SOURCE MATERIAL:
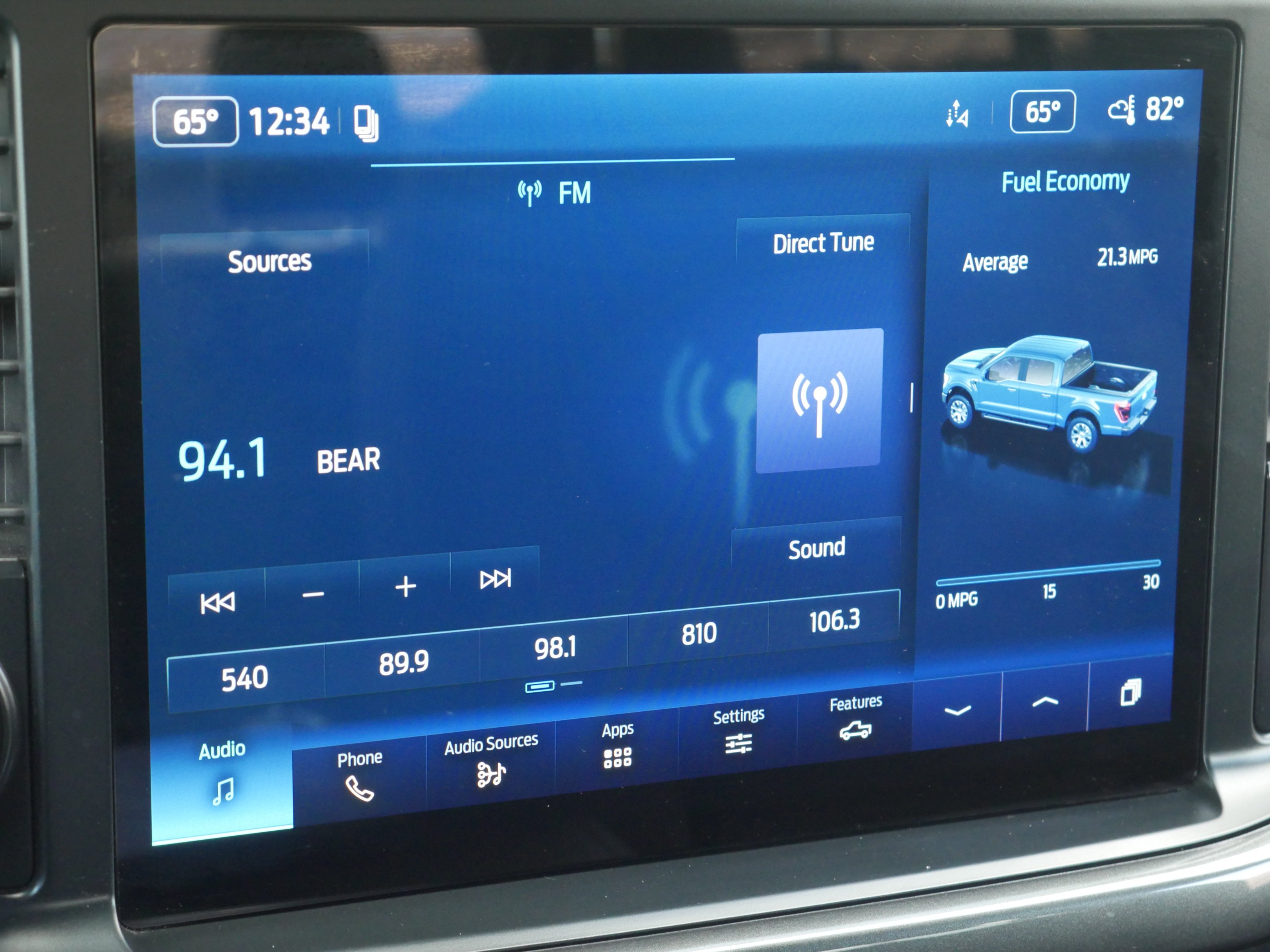 Used 2022 Oxford White Ford XLT image 11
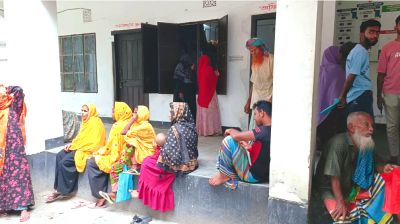 ঘণ্টার পর ঘণ্টা অপেক্ষা করেও মিলছে না সেবা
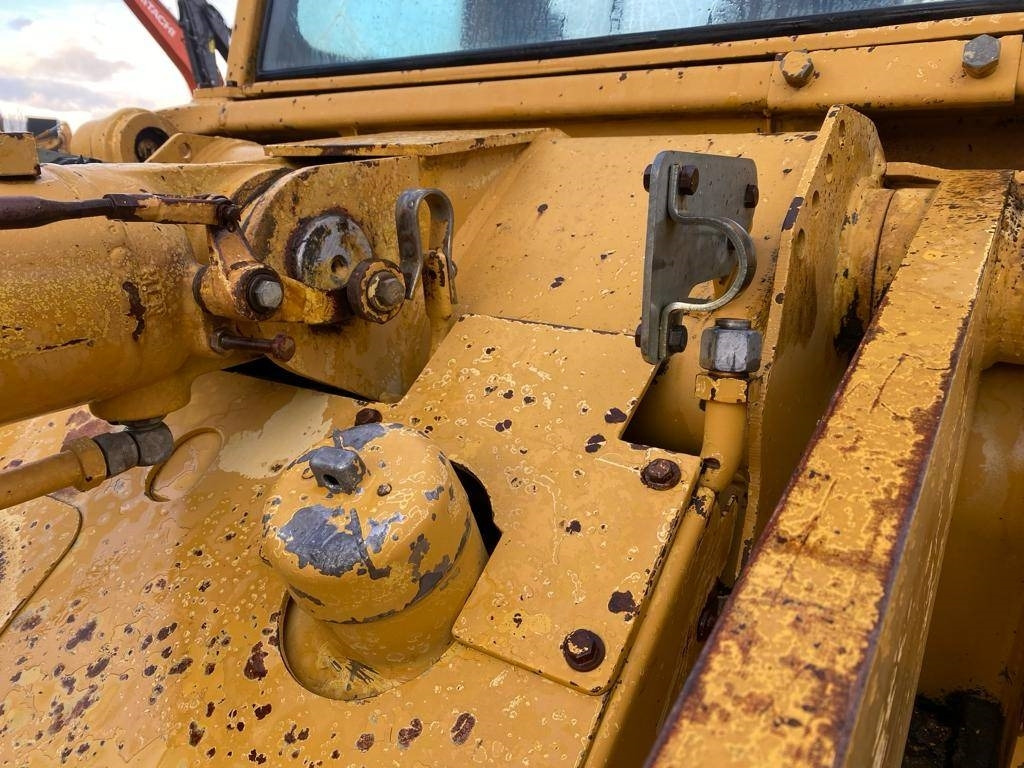 Верижен товарач CAT 953: снимка 9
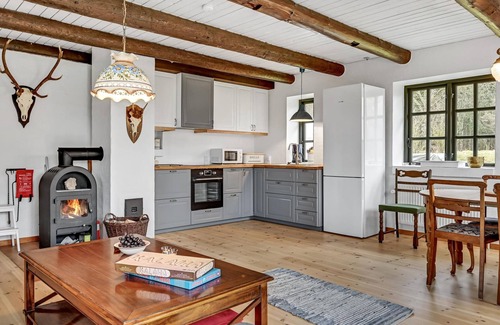 Norddjurs Municipality Apartment | Lovely apartment in Glesborg with WiFi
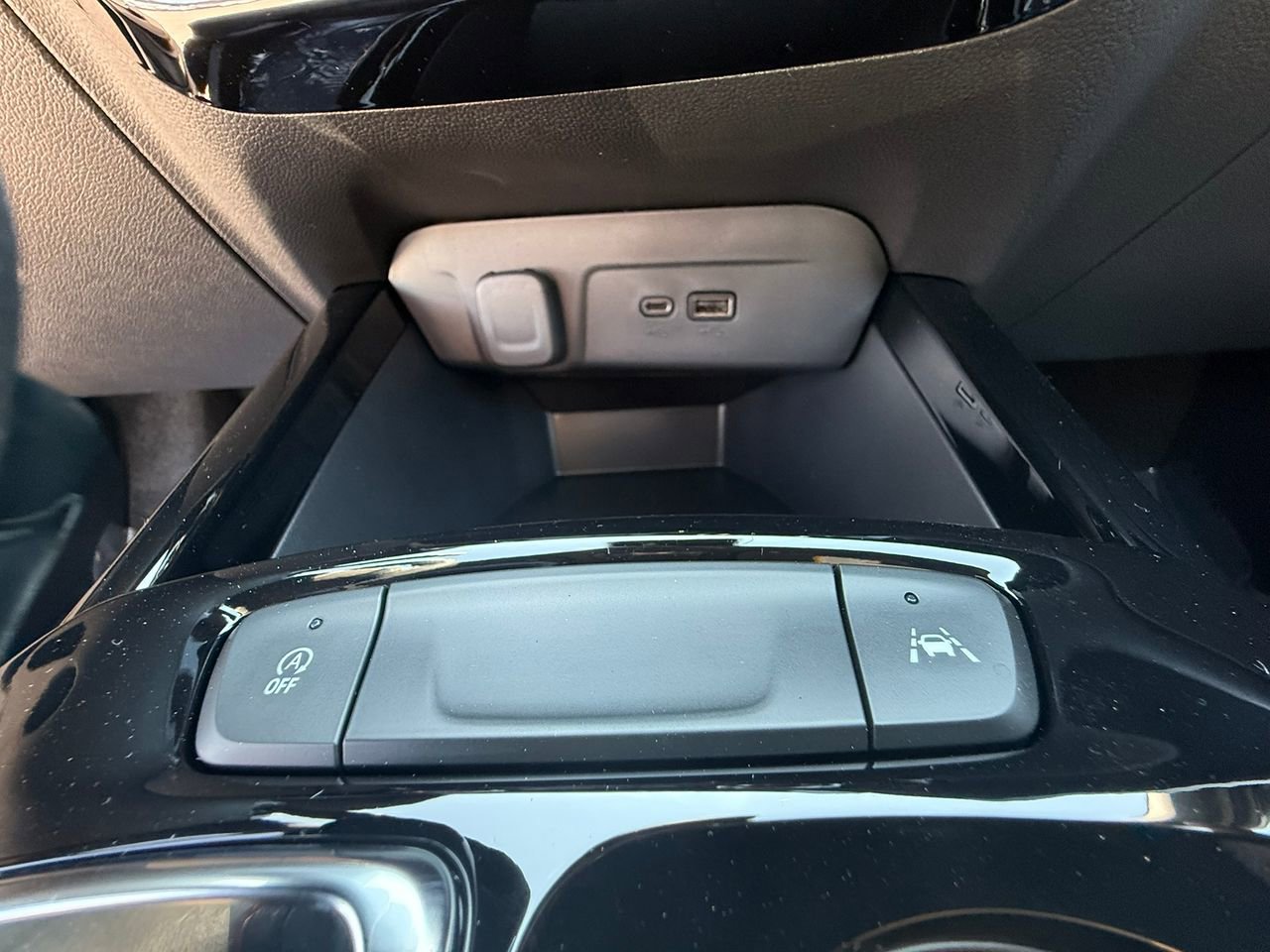 2025 Chevrolet Trax photo 22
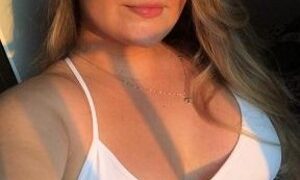 MaaaJooo naked before webcam in live video chat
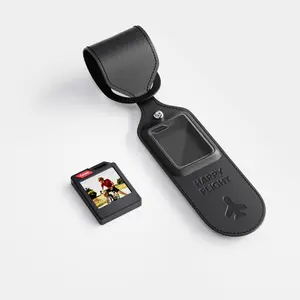 PhotoTag: Customizable e-ink tracker（with  Luggage Tags ） for keys, wallets, luggage. Compatible with Apple Find My . Displays photos and emojis.  Up to 10 months of battery life and  IP65 waterproof. Replaceable battery.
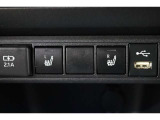 運転席と助手席には寒い日の肩や腰、冷えやすい下肢を温めてくれるシートヒーターが付いております!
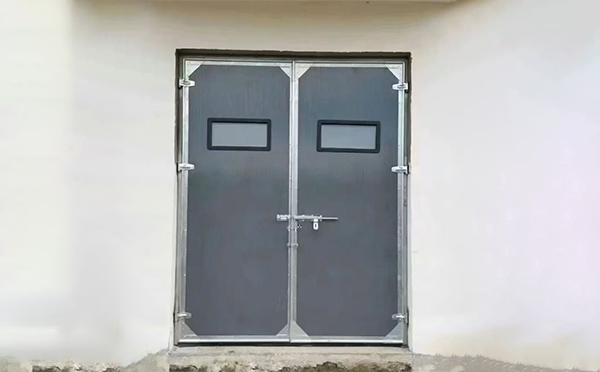 城东工业门在高温作业区域的运行表现 城东工业门在高温作业区域的运行表现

TASK BRIEF: Would you restate the records above word for word and exclude the pictures?

ANSWER SECTION:
 Used 2022 Oxford White Ford XLT image 11
 ঘণ্টার পর ঘণ্টা অপেক্ষা করেও মিলছে না সেবা
 Верижен товарач CAT 953: снимка 9
 Norddjurs Municipality Apartment | Lovely apartment in Glesborg with WiFi
 2025 Chevrolet Trax photo 22
 MaaaJooo naked before webcam in live video chat
 PhotoTag: Customizable e-ink tracker（with  Luggage Tags ） for keys, wallets, luggage. Compatible with Apple Find My . Displays photos and emojis.  Up to 10 months of battery life and  IP65 waterproof. Replaceable battery.
 運転席と助手席には寒い日の肩や腰、冷えやすい下肢を温めてくれるシートヒーターが付いております!
 城东工业门在高温作业区域的运行表现 城东工业门在高温作业区域的运行表现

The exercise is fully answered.